Content starts

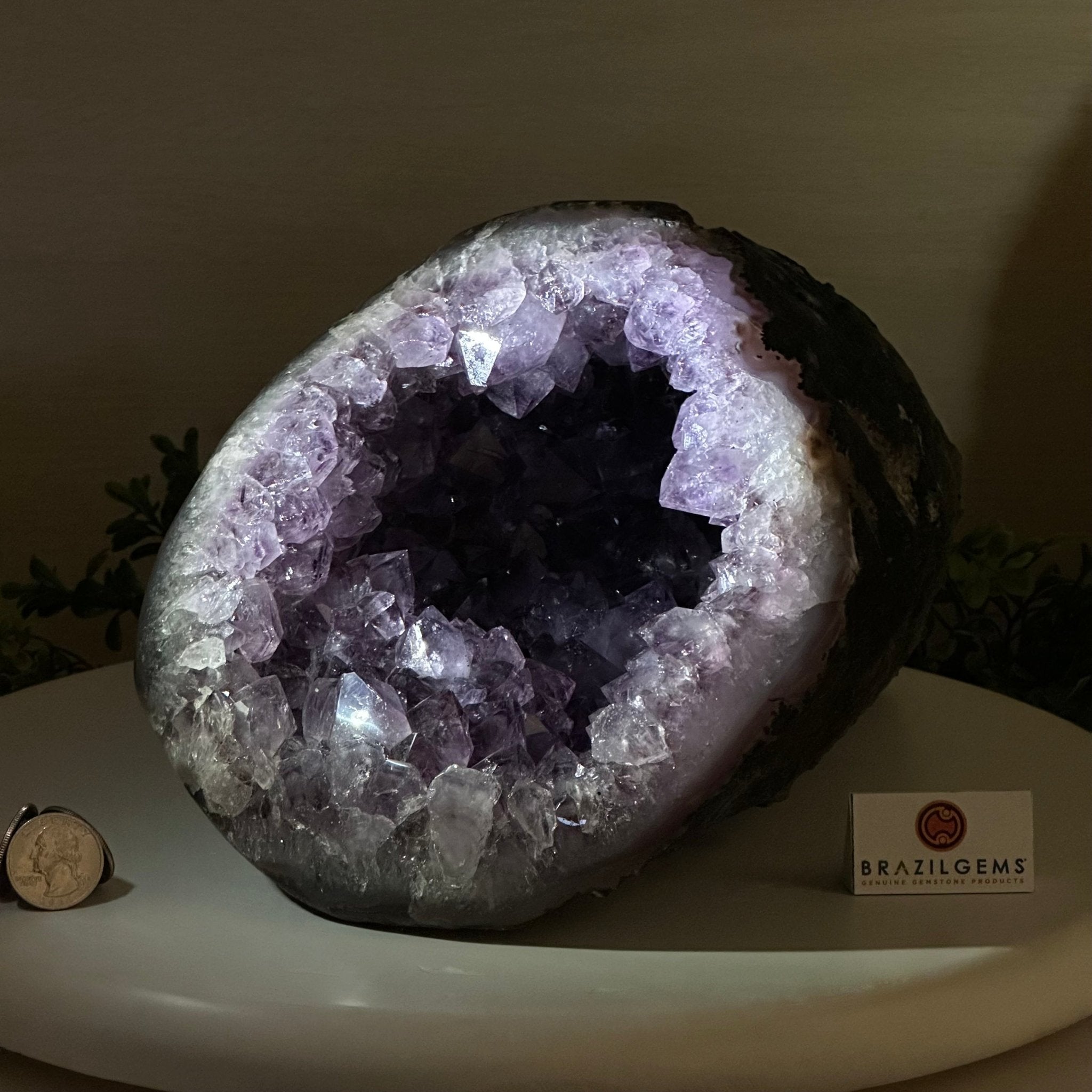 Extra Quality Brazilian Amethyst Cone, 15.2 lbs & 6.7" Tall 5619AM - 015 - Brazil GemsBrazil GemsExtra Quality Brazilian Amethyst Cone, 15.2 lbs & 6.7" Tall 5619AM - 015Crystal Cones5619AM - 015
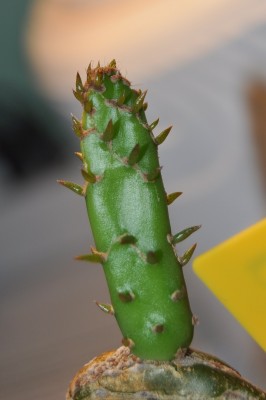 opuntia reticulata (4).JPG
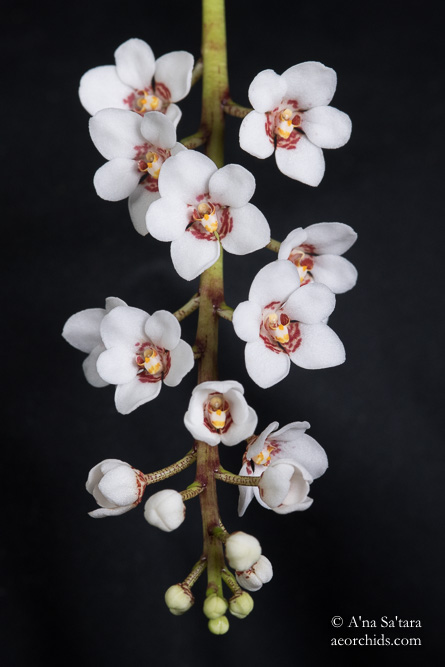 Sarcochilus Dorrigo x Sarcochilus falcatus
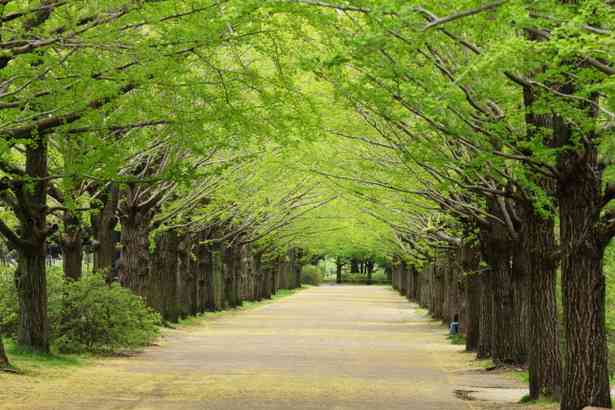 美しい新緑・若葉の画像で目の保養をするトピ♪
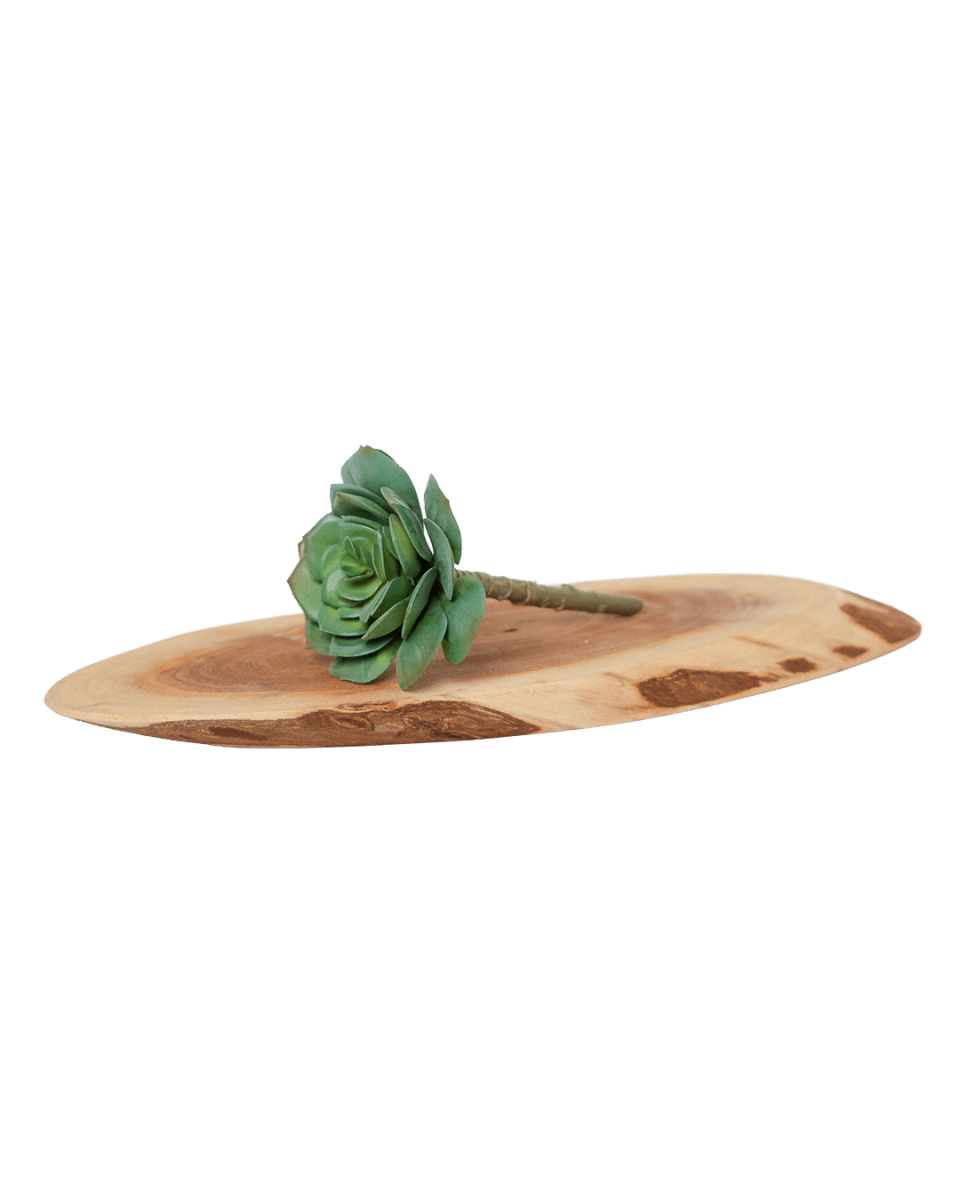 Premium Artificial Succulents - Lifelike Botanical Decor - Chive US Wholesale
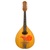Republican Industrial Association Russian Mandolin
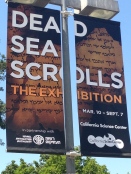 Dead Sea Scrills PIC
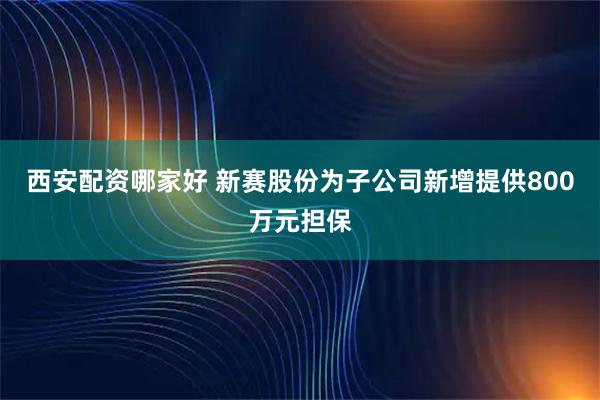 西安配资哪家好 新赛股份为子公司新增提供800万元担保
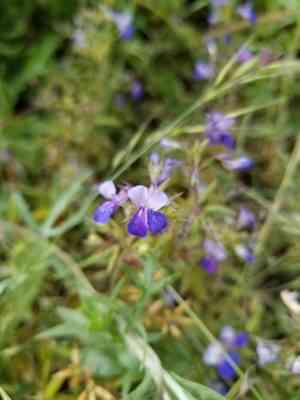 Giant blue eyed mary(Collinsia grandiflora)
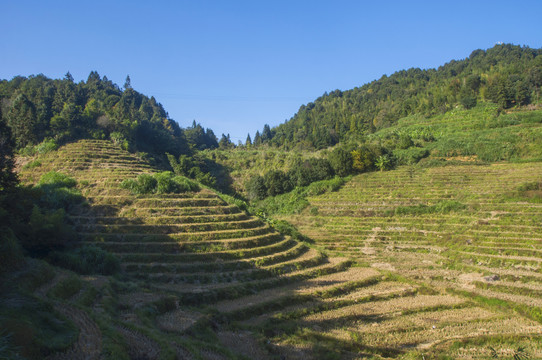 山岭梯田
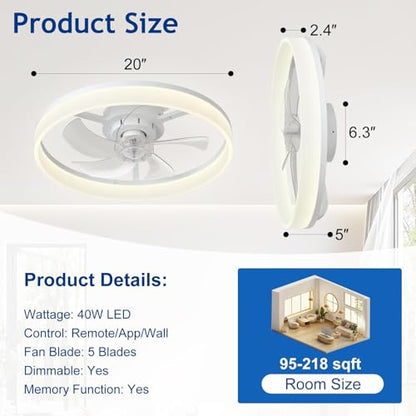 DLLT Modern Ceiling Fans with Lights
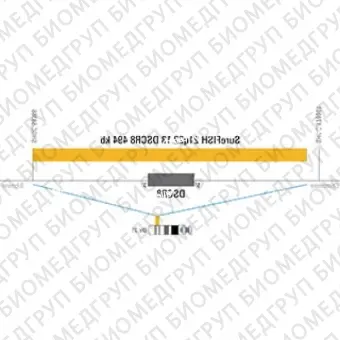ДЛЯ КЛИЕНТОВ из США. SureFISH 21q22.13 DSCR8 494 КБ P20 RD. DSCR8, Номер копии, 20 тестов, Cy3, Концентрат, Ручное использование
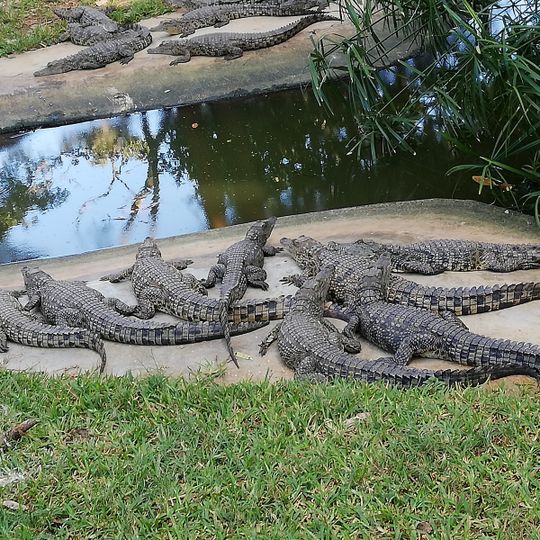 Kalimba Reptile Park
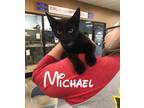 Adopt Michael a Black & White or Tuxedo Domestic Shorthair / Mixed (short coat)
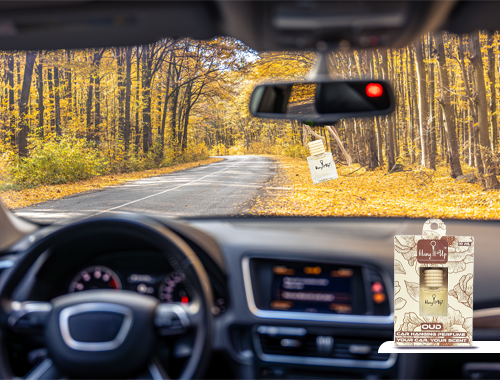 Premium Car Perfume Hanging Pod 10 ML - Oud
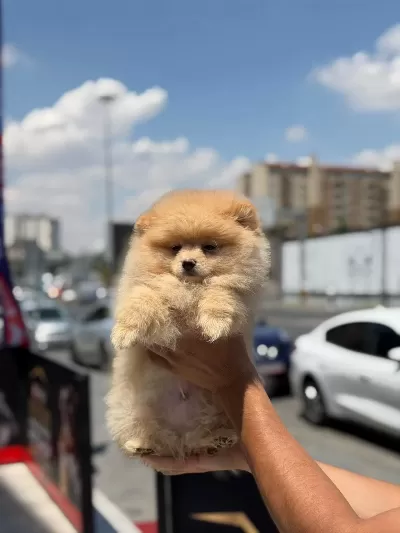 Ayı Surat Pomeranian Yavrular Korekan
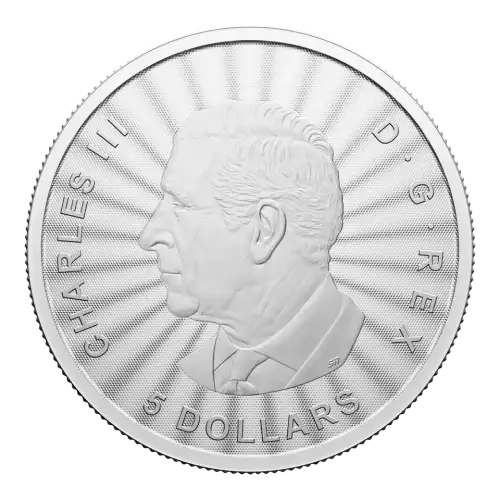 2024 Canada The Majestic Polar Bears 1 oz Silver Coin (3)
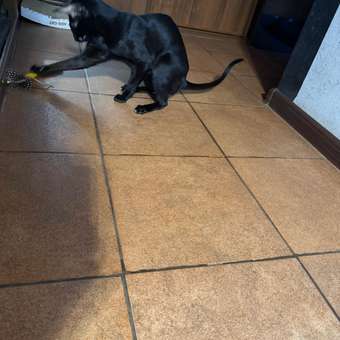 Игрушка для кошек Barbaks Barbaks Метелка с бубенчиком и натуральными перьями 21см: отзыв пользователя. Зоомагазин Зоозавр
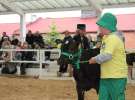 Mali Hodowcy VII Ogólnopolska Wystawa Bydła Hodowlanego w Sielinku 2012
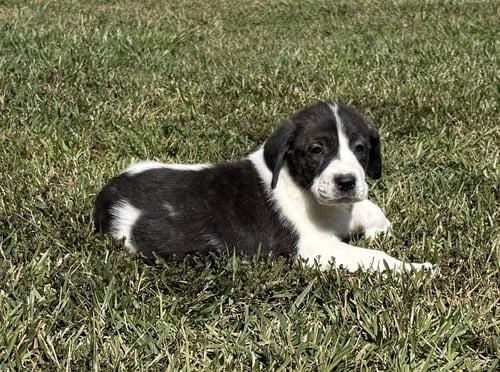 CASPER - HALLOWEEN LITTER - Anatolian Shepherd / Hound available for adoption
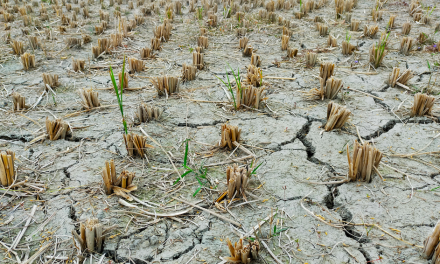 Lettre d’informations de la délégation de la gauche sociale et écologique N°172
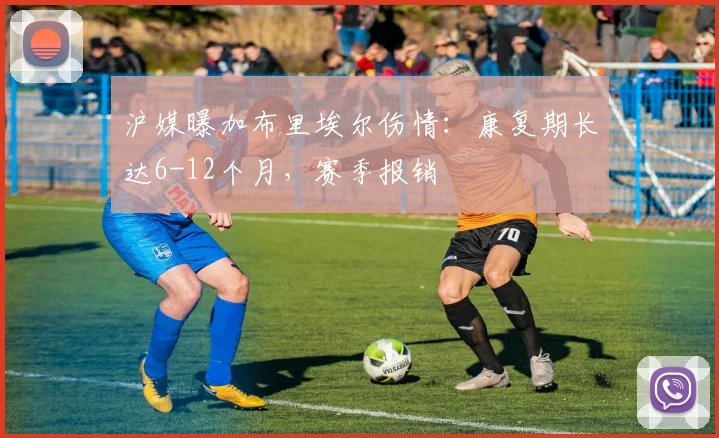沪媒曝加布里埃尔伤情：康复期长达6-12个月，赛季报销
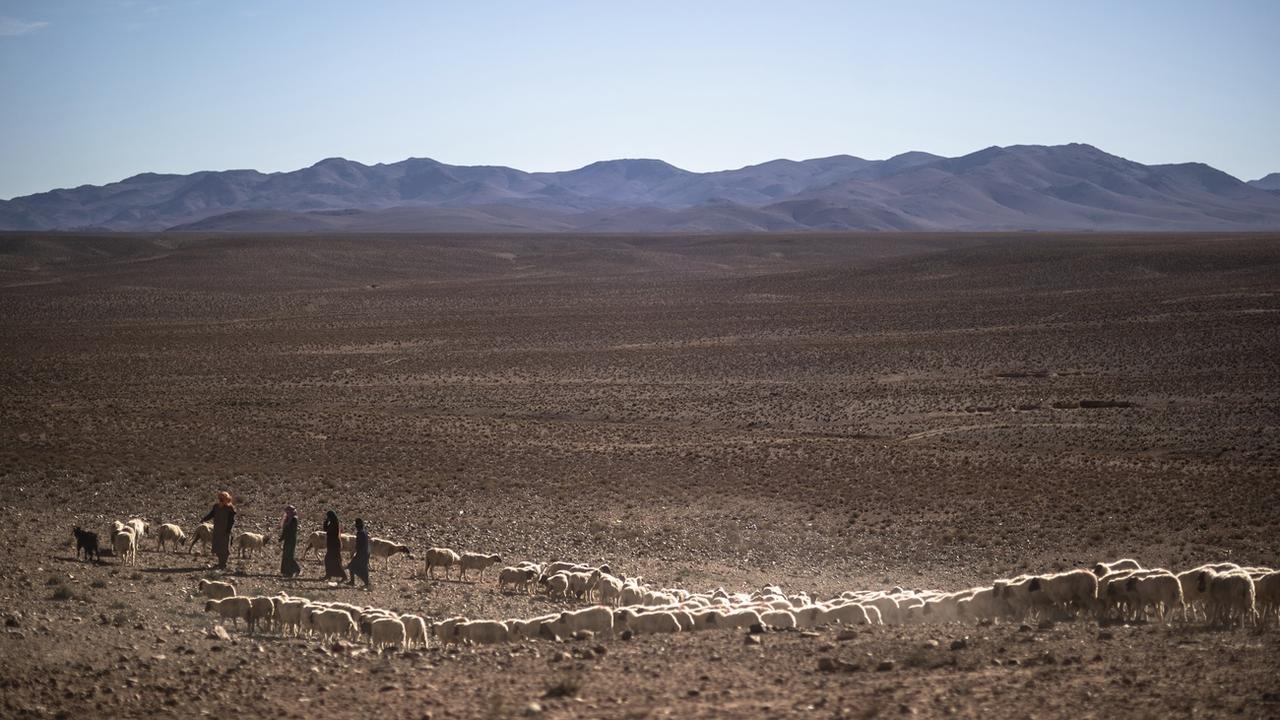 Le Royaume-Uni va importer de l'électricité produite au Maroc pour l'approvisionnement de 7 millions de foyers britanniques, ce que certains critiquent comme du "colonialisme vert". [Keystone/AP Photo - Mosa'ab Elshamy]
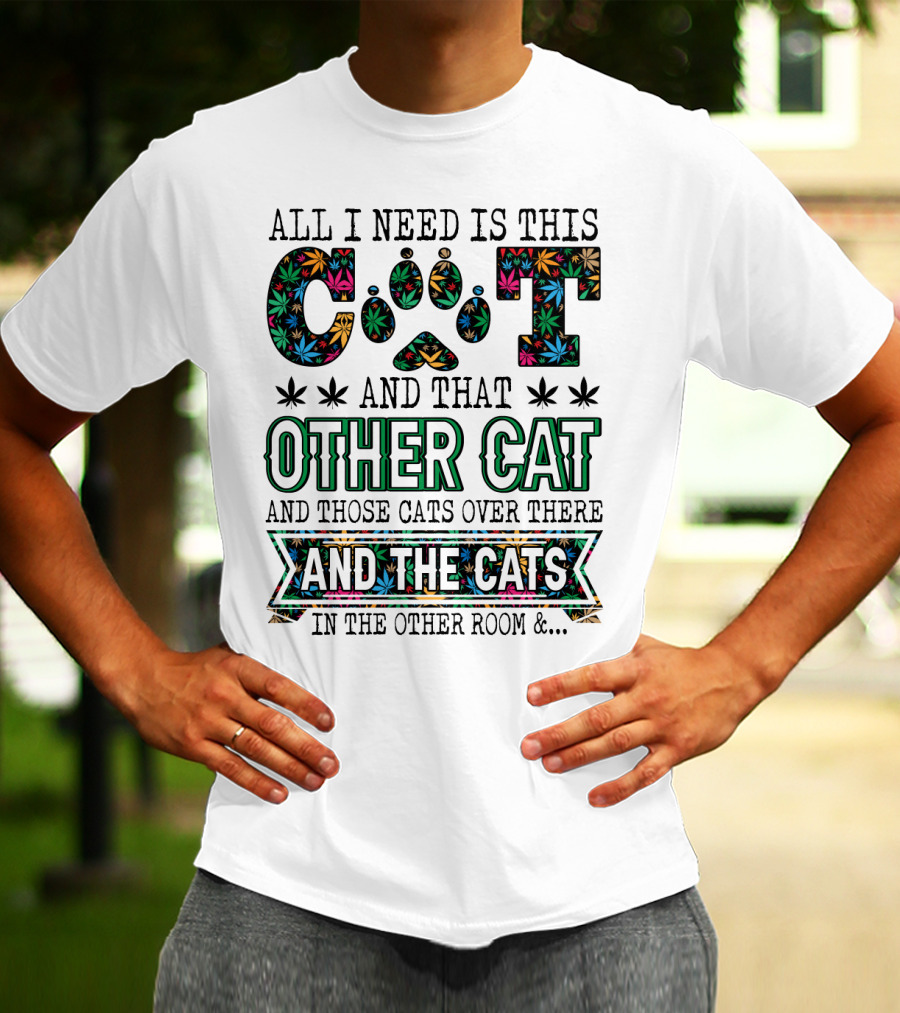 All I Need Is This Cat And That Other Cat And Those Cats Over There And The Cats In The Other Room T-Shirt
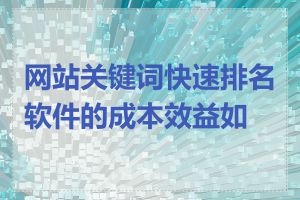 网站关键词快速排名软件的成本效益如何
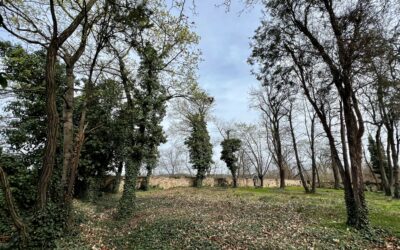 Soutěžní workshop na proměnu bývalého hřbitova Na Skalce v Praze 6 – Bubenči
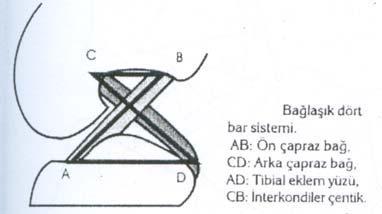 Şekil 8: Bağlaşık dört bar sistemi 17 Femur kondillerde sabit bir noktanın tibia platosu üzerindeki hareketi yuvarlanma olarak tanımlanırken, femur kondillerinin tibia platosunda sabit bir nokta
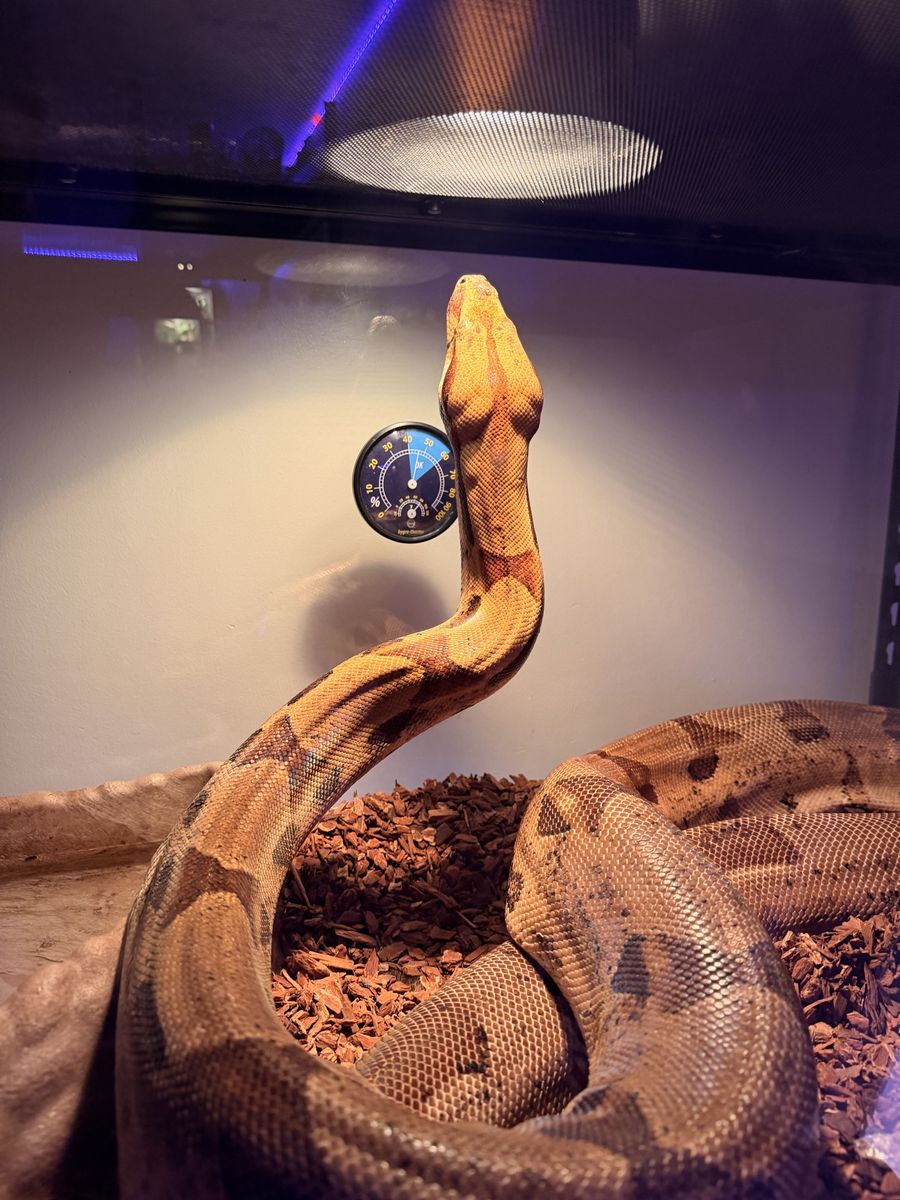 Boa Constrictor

Content ends

[Work to be completed]
Starting at the line that holds "网站关键词快速排名软件的成本效益如何", print each line through the last one of the entries above, exactly and with both ends included; no pictures.

[Output below]
 网站关键词快速排名软件的成本效益如何
 Soutěžní workshop na proměnu bývalého hřbitova Na Skalce v Praze 6 – Bubenči
 Şekil 8: Bağlaşık dört bar sistemi 17 Femur kondillerde sabit bir noktanın tibia platosu üzerindeki hareketi yuvarlanma olarak tanımlanırken, femur kondillerinin tibia platosunda sabit bir nokta
 Boa Constrictor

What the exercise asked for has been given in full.